BOSTON– Ginkgo Bioworks (NYSE: DNA) announced a slate of new initiatives through its Datapoints platform to accelerate the use of artificial intelligence in biologics drug discovery. The company has partnered with Apheris to launch the Antibody Developability Consortium and separately introduced the AbDev AI Competition, both aimed at improving data infrastructure and advancing predictive modeling in antibody research.
The Antibody Developability Consortium will tackle one of the field’s central challenges: predicting and optimizing antibody properties early in R&D to boost downstream clinical and commercial success. Ginkgo will leverage its AI and high-throughput lab capabilities to generate purpose-built datasets, while Apheris will provide federated computing infrastructure that allows participants to collaborate securely without relinquishing ownership of sensitive data. The consortium is now enrolling member companies, with initial datasets and models for multiple antibody formats expected in 2026.

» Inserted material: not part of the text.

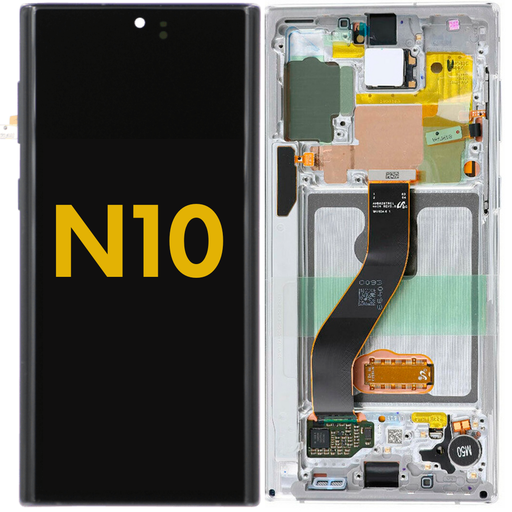 [N10-LCD-SILVER-F-PREMIUM] OLED LCD ASSEMBLY WITH FRAME COMPATIBLE FOR SAMSUNG NOTE 10 N970 PREMIUM SILVER COLOR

“The future of AI in drug discovery depends on creating environments where companies can collaborate without compromising their most valuable data,” said Robin Röhm, CEO and cofounder of Apheris. “With this new consortium, we’re bringing federated learning directly into antibody R&D, making critical datasets usable in ways that were never possible before.”
In parallel, Ginkgo is launching the first-ever AbDev AI Competition on the Hugging Face platform to establish benchmarks for antibody developability modeling. Running through early November, the competition will test model performance against standardized datasets, with winners set to receive up to $60,000 in prize value.
“One of the biggest barriers in antibody AI has been the lack of large, high-quality datasets on developability,” said Peter Tessier, professor at the University of Michigan and advisor to Ginkgo Datapoints. “Consortia and competitions like these are a crucial step toward closing that gap.”